In the vein of “tough talk with problematic allies,” Mr. Biden will make time while at NATO to sit down with Turkish President Recep Tayyip Erdoğan. The Turkish leader’s democratic backsliding and mounting human rights violations present a challenge to a U.S. president who has pledged to make both democracy and human rights key elements of his foreign policy.
On Tuesday in Brussels, the U.S. president sits down with the two top executives of the European Union – the first U.S.-EU summit since 2014. For European analysts, the EU summit will be the best venue for Mr. Biden to address the China pillar of his trip. China poses a dilemma for Europe, because while it is now the Europeans’ largest trade partner, China’s human rights violations, anti-democratic moves against Hong Kong, and coercive trade practices against Australia and others have soured European parliamentarians and publics on the relationship.
Old think, new think
Attention then shifts to Geneva, for what some analysts are calling the trip’s “main event”: Mr.
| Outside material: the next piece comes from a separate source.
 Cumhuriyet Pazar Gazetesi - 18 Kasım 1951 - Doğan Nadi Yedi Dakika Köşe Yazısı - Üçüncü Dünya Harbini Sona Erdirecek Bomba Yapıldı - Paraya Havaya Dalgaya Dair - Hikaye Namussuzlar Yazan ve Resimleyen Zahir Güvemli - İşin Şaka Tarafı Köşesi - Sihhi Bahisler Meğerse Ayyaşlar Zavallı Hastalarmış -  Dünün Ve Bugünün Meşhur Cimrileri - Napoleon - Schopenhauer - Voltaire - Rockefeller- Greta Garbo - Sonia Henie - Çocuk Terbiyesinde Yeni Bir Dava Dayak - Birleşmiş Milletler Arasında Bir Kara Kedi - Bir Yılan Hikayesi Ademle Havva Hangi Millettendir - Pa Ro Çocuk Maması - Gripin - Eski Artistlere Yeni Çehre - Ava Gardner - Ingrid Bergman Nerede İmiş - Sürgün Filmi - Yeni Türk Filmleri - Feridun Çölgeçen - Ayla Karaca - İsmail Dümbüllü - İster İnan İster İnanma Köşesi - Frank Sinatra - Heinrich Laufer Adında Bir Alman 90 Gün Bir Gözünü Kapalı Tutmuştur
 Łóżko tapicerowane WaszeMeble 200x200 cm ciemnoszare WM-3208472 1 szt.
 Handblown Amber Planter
Biden’s summit with Russian President Vladimir Putin.
White House officials speaking in the run-up to the president’s first overseas foray said it was no accident – nor mere scheduling practicality – that Mr. Biden will be setting the stage for what is expected to be a tough meeting with Mr. Putin by first very publicly renewing ties with America’s constellation of democratic allies.
Still, some transatlantic analysts caution that as important as “renewing ties with allies” may sound, what matters most is the vision for renewed alliances and American leadership – and whether it is based on a U.S.-dominated world that doesn’t exist anymore, or fits a multipolar world with very different challenges.
“All this talk of ‘America is back’ is nonsense. It would be much more comforting if there was greater recognition that the world has changed and there will be no going back to a long-ago golden age” of American leadership, says Michael Desch, director of the Notre Dame International Security Center in Indiana.
“But the rhetoric of Joe’s excellent European adventure doesn’t show much evidence of really grasping that change,” he adds. “It’s a lot of old think, very little new think.”
Differences over China
Another problem for Mr. Biden, Mr. Desch and others say, is that while there may be wide agreement among Western allies on the need for action on climate change and looming post-pandemic global inequalities, on two other Biden priorities – a rising China and threats to democratic governance – there is little unity on the way forward.
“For the U.S., its approach to China is about defending its superpower status and pushing back on China’s rise. But for its part, the EU has no superpower status to defend, so with China it’s much more about navigating the reality of a rising China,” says Carnegie’s Ms. Balfour. “The Europeans prefer dialogue and ambiguity to U.S.-style confrontation.”
That said, there are mounting signs of Europe moving closer to the U.S. on China. The EU has put on hold an investment deal with China in the wake of tit-for-tat sanctions over human rights violations in China’s Xinjiang province. And recently, both Italy and Lithuania nixed infrastructure deals they had reached with China.
Still, simply drawing closer on what they oppose won’t be enough for the U.S. and its European allies to demonstrate the enduring relevance of their friendship to their own citizens as well as to the world, Ms. Balfour says.
“From a global perspective, what we need to see coming out of this trip is a real social contract, a very proactive and concrete commitment to addressing the heightening global inequality that has come out of the pandemic,” she says. “That’s the kind of thing that can be the core of a West that is willing to become inclusive and take greater responsibility in addressing global crises.”